The copy should begin at the line containing "Russische Polizistinnen küssen" and end with the last line below, every line exact and no picture included.

EXERCISE INPUTS:
************
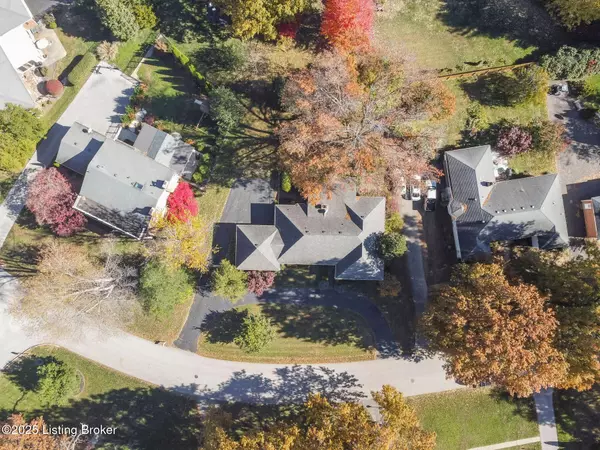 Louisville, KY 40242,2417 Chattesworth Ln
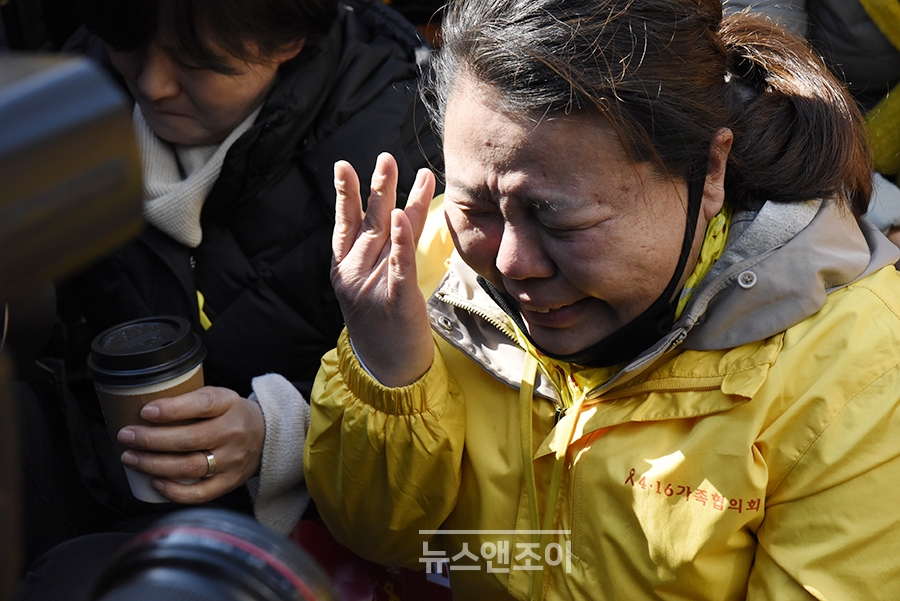 3월 10일 헌법재판소 앞. 대통령 파면 소식을 듣고 김정해 씨가 기쁨의 눈물을 흘리고 있다. 뉴스앤조이 현선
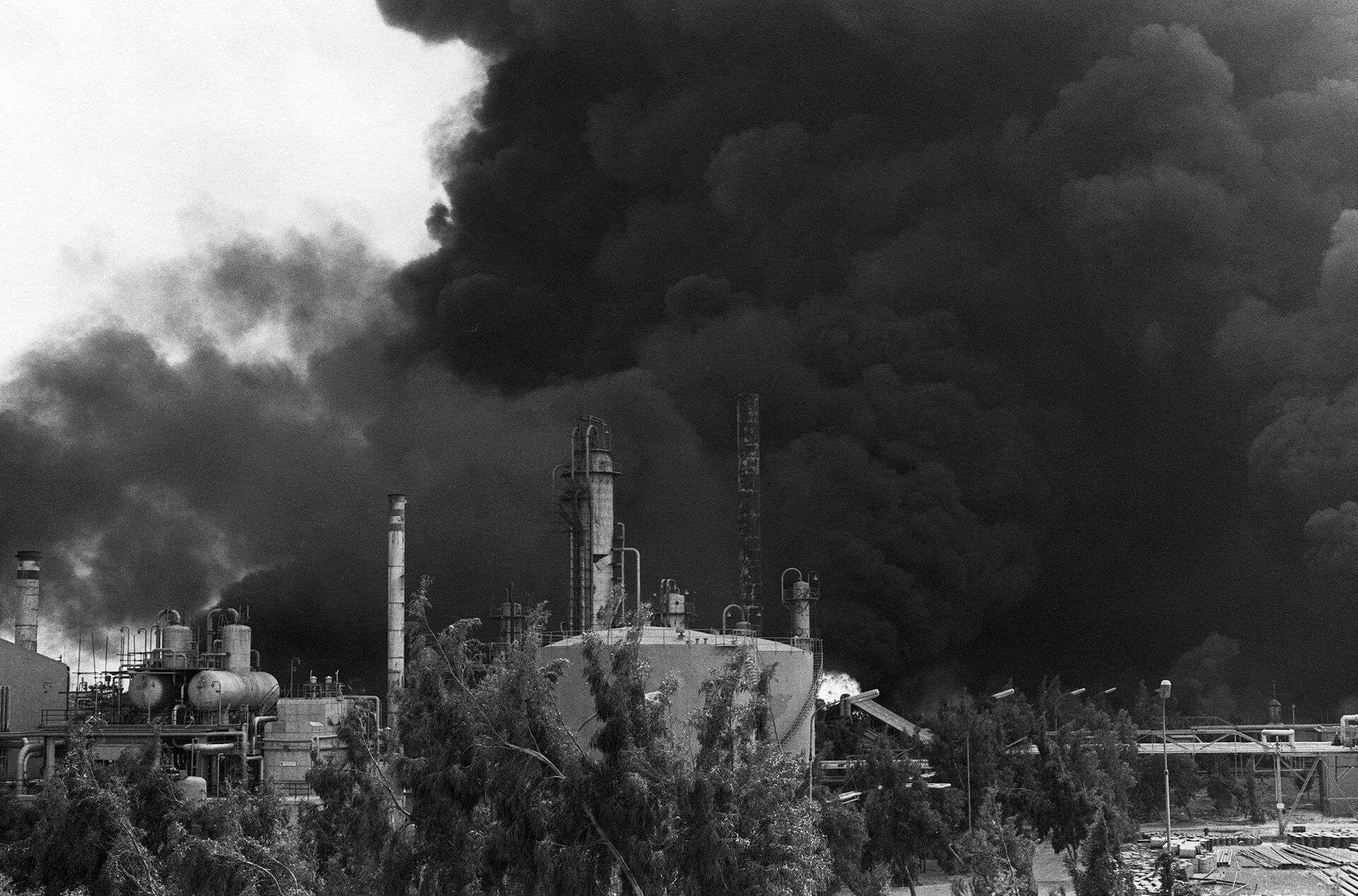 Пожар на нефтеперерабатывающем заводе после бомбардировки израильской авиацией в сирийском городе Хомс во время войны Судного дня - РИА Новости, 1920, 05.10.2023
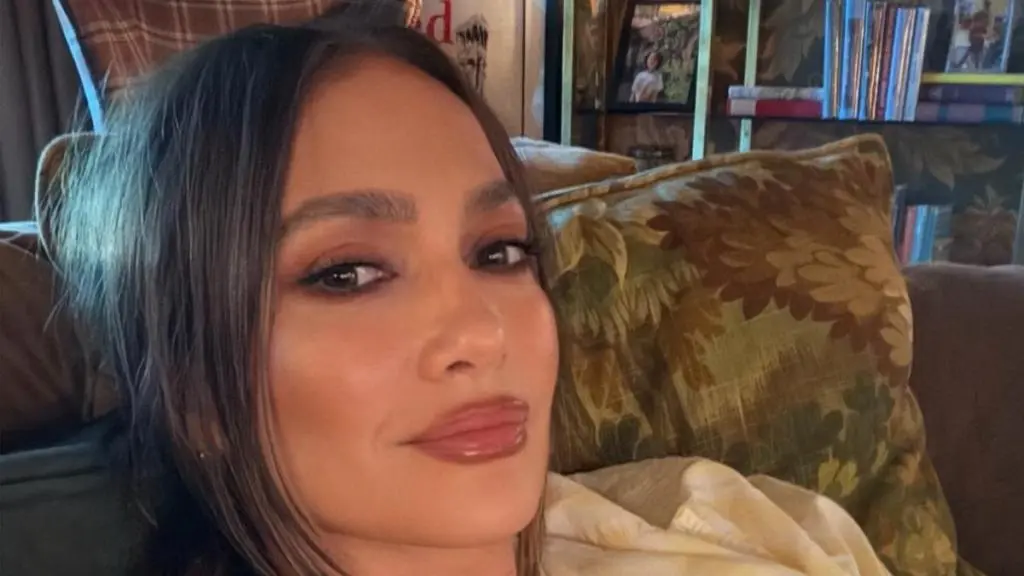 Jennifer Lopez Stuns in Form-Fitting Gown at Paris Fashion Week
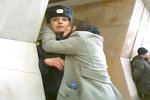 Russische Polizistinnen küssen
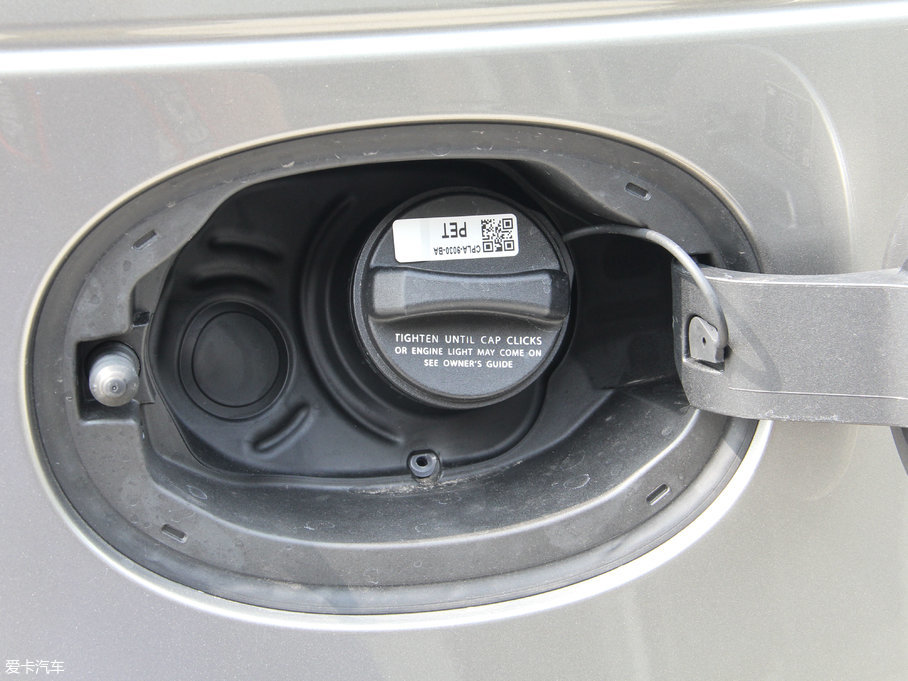 2017} P380 SE R-DYNAMIC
************
RESULT FOR THIS TASK:
 Russische Polizistinnen küssen
 2017} P380 SE R-DYNAMIC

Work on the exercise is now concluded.